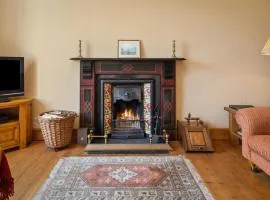 Pendre Farmhouse Llwyndafydd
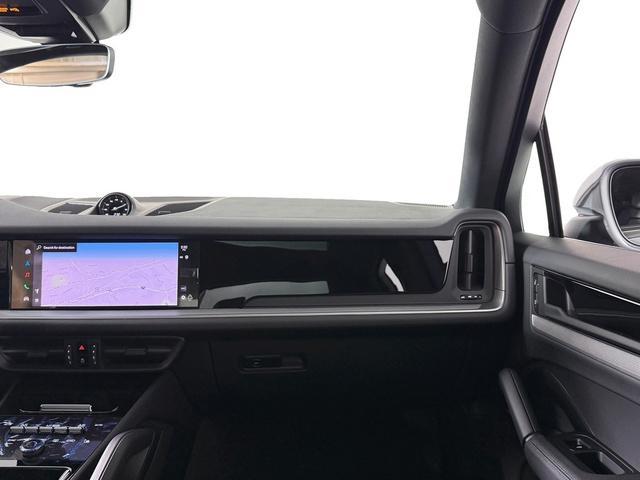 new 2025 Porsche Cayenne car, priced at $111,735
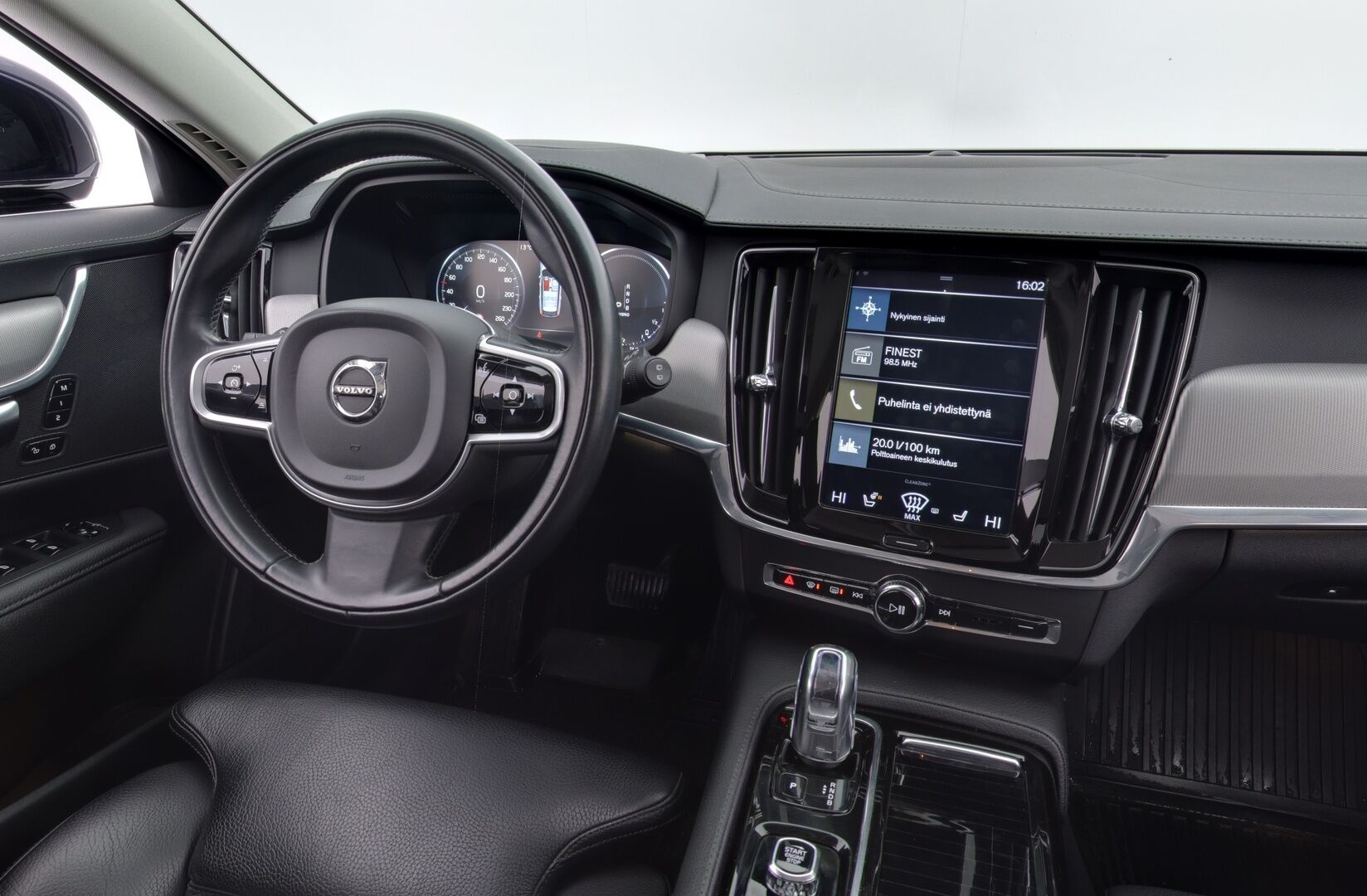 Volvo V90 2019 T8 AWD Inscription aut. - / HUD ! / Webasto ! / ACC ! / BLIS ! / P.Kamera ! / Muistipenkit !  / Koukku ! / Merkkihuollettu ! /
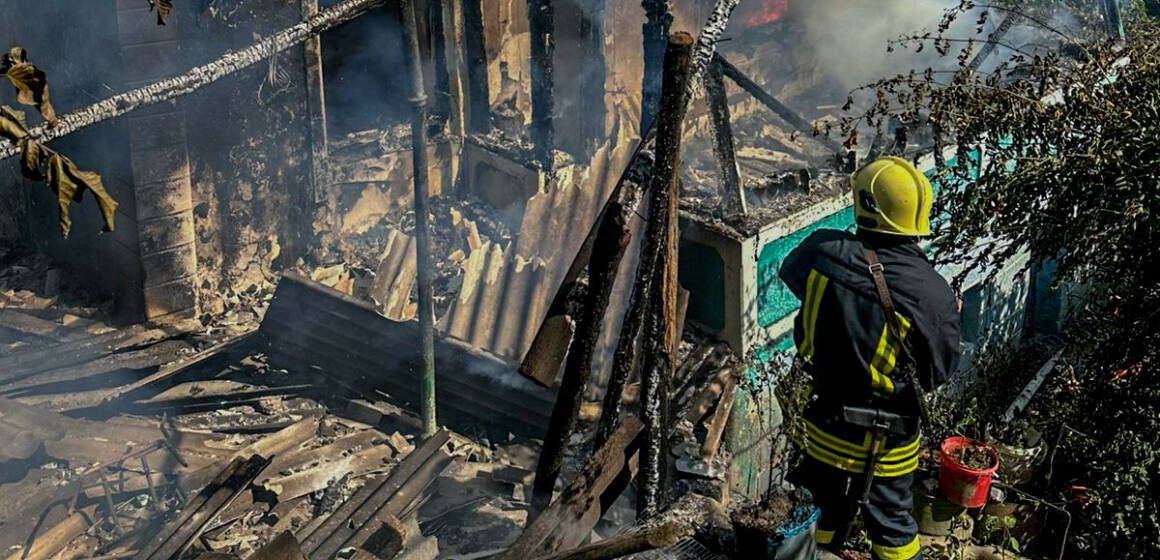 За добу на Вінниччині сталося вісім пожеж: горіли будинки та чагарники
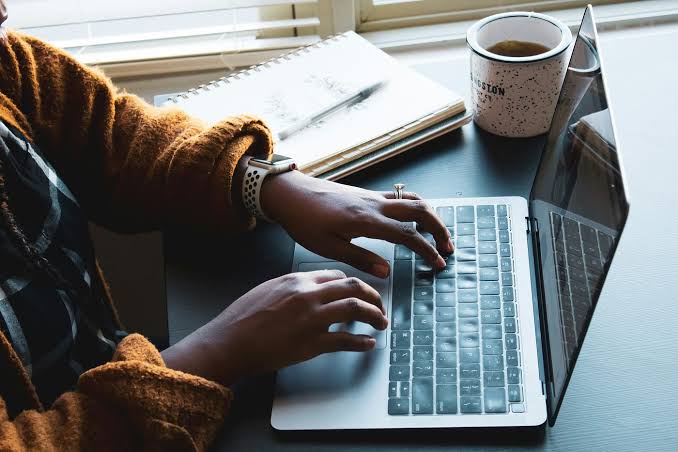 Is Freelance Content Writing Business Profitable in 2026?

Description of the task — Your answer must be the lines from the one holding "Volvo V90 2019" through the final line of the records above, exactly as written and without any pictures.

Completed exercise —
 Volvo V90 2019 T8 AWD Inscription aut. - / HUD ! / Webasto ! / ACC ! / BLIS ! / P.Kamera ! / Muistipenkit !  / Koukku ! / Merkkihuollettu ! /
 За добу на Вінниччині сталося вісім пожеж: горіли будинки та чагарники
 Is Freelance Content Writing Business Profitable in 2026?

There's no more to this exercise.